The authors of the town’s plan recommended consolidating industrial use on the land, not spreading it out, and suggested “clean” low-intensity uses. “A limited amount of moderate-income housing can be accommodated in this area as well,” they wrote, noting that “a large portion of the reclaimed pit should be devoted to open space and recreation.”
People who want to comment on the draft environmental impact statement can do so in writing now. The comment period will remain open for 20 days after the public hearing, closing on Feb. 28.
“The real purpose of the public hearing is to give us fuel to have a discussion,” said Mr. Kramer.
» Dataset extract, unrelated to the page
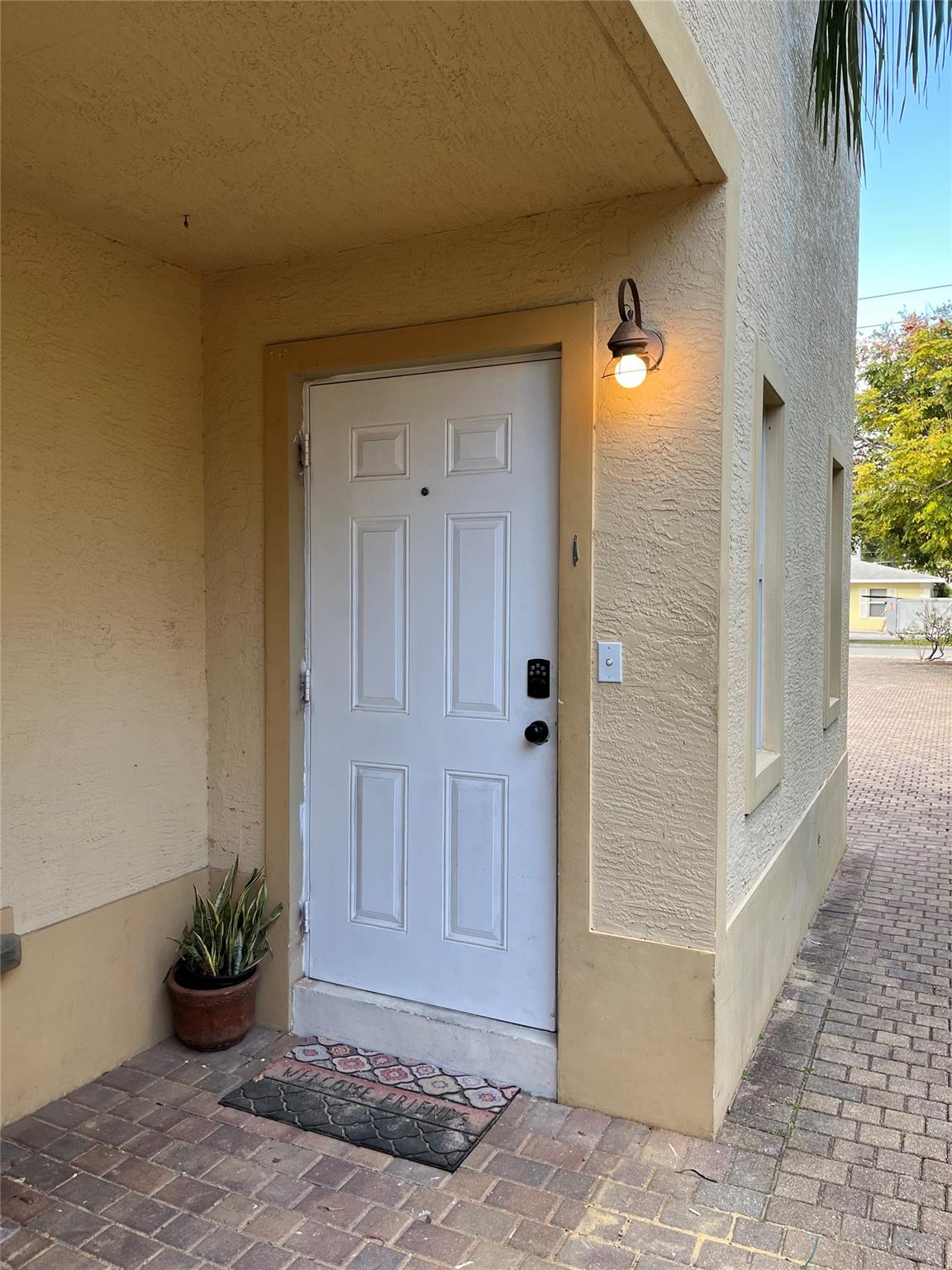 420 Se 18th Ct Property Photo 16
The planning board is guided in its decision making by the New York State Environmental Quality Review Act, or SEQRA. According to “The SEQRA Handbook,” “Substantive comments received at a SEQRA hearing become part of the official record. They must be responded to by the lead agency in the final environmental impact statement (F.E.I.S.), and thus may affect agency findings and decisions on a project.”
Mr. Kramer said that 50 people at the Jan. 7 Wainscott Citizens Advisory Committee meeting indicated an intention to speak at the public hearing. The scope of the development has made it an existential issue for many in the small hamlet; however, its implications will extend far beyond the borders of Wainscott.
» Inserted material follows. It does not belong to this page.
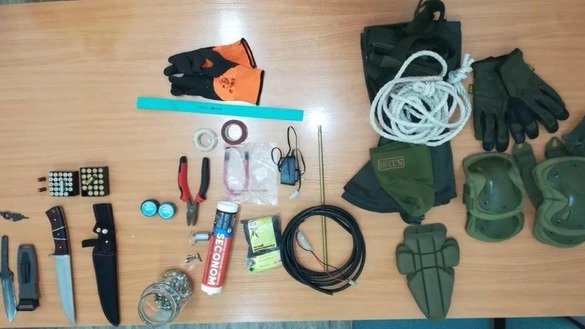 17 ноябрь куни Оқтўбеда қўлган олинган экстремистлардан мусодара қилинган пичоқлар, бомба қисмлари ва ўқ-дорилар. (Қозоғистон КНБ)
One of the hallmarks of the SEQRA law is its timelines.
If the public hearing is closed on Feb. 8, the board will have 45 days, or until March 25, to file its accepted F.E.I.S. The time could be extended if during the review of the D.E.I.S. the board decides to add a supplement. Once the F.E.I.S. is filed, the board has 30 days to make a decision on the application. With no delays, that means a decision would happen by the end of April.
“Getting close to decision time,” said Eric Schantz, the assistant town planner, in an email.
At the meeting last week, Mr. Schantz made clear that filing the F.E.I.S. isn’t the same thing as approving the application.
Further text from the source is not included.